STORED DATA: Begin
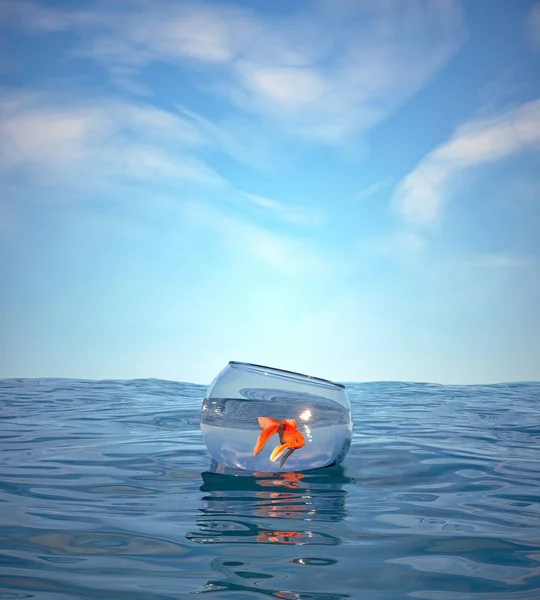 Guldfisk Skål Vid Havet Escape Och Mindset Koncept Detta Render — Stockfoto
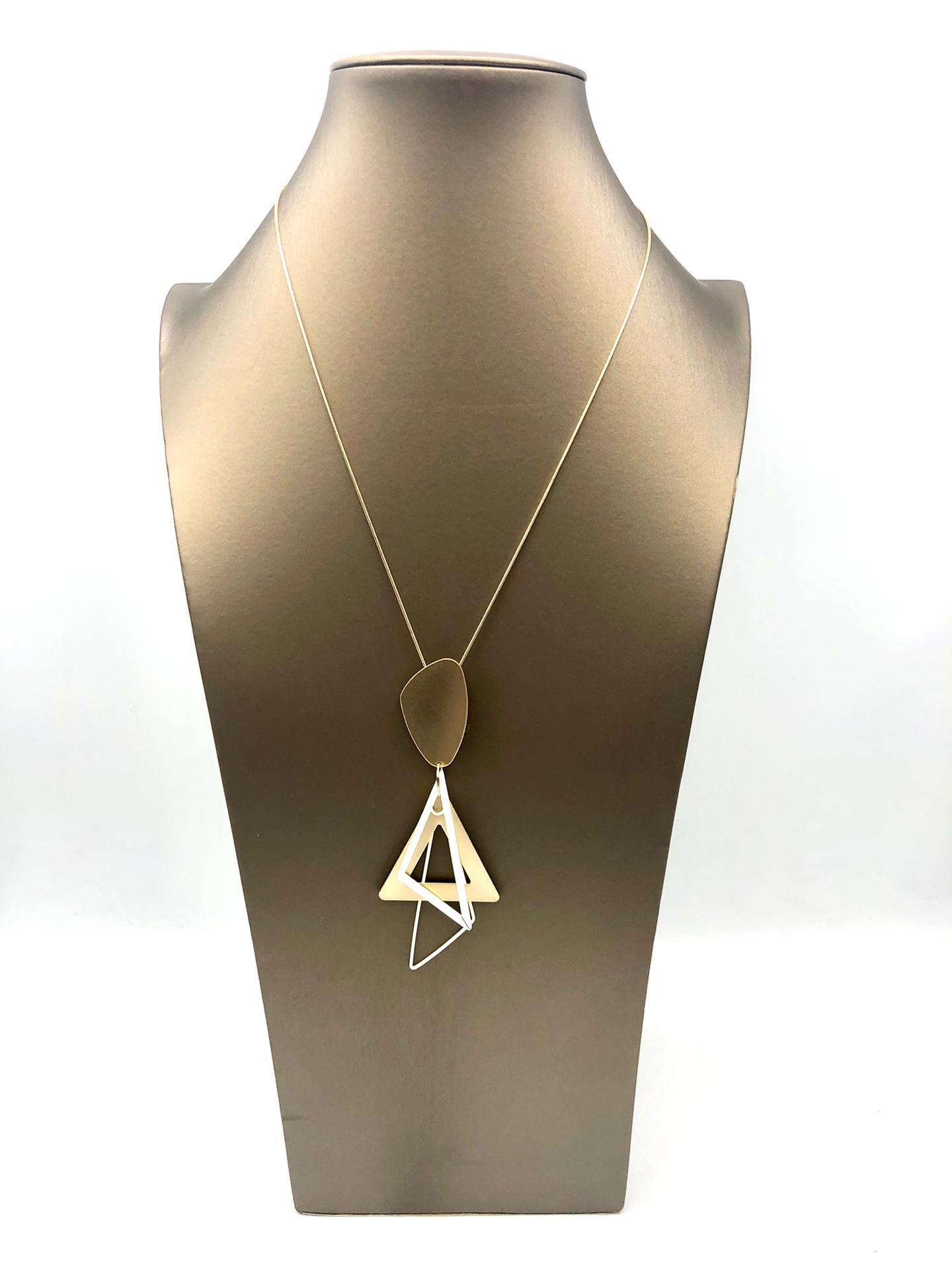 Halsketting Triangle zilver lang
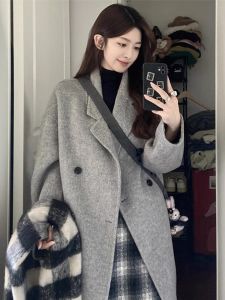 Hebe Style Grey Woolen Coat Womens Loose Long Autumn Winter Outerwear Korean Version Straight Cut Double Breasted Long Sleeve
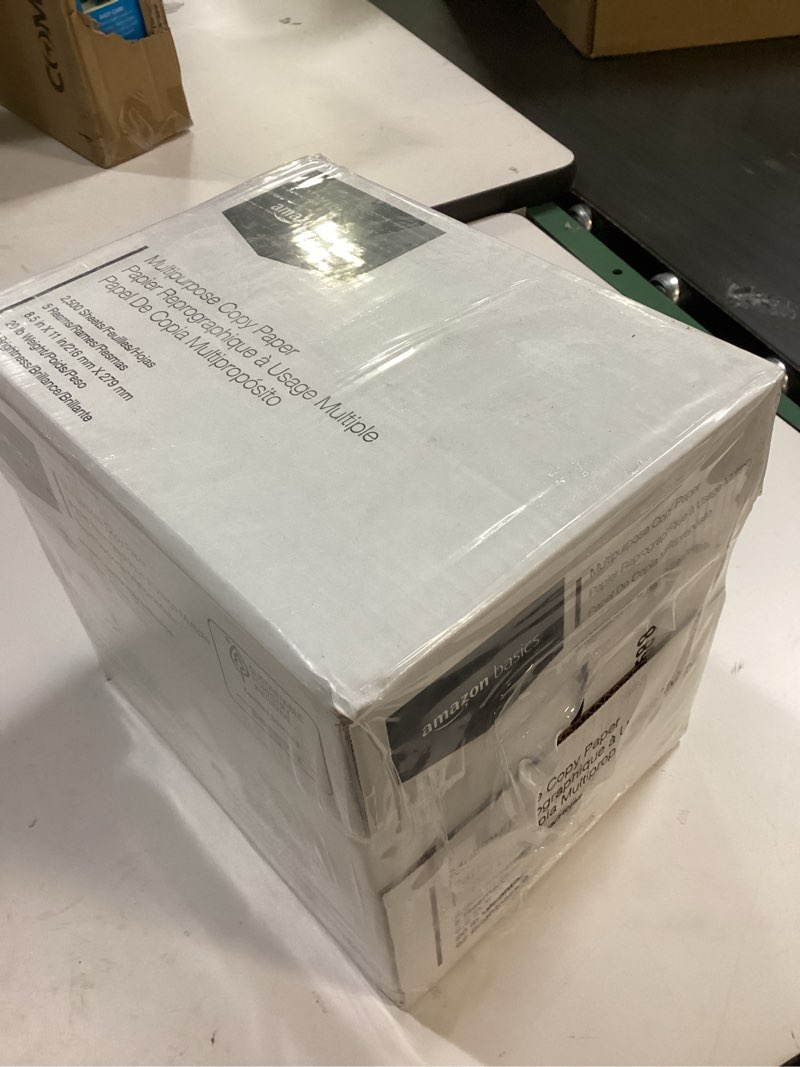 Condition photo showing New/Like New for Amazon Basics Multipurpose Copy Printer Paper, 20 lb, 8.5 x 11 Inches, 5 Reams (2,500 Sheets), 92 Bright, White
STORED DATA: End
• [WHAT YOU NEED TO DO]: With the pictures removed, return the data above word for word.

• [PROBLEM SOLUTION]:
 Guldfisk Skål Vid Havet Escape Och Mindset Koncept Detta Render — Stockfoto
 Halsketting Triangle zilver lang
 Hebe Style Grey Woolen Coat Womens Loose Long Autumn Winter Outerwear Korean Version Straight Cut Double Breasted Long Sleeve
 Condition photo showing New/Like New for Amazon Basics Multipurpose Copy Printer Paper, 20 lb, 8.5 x 11 Inches, 5 Reams (2,500 Sheets), 92 Bright, White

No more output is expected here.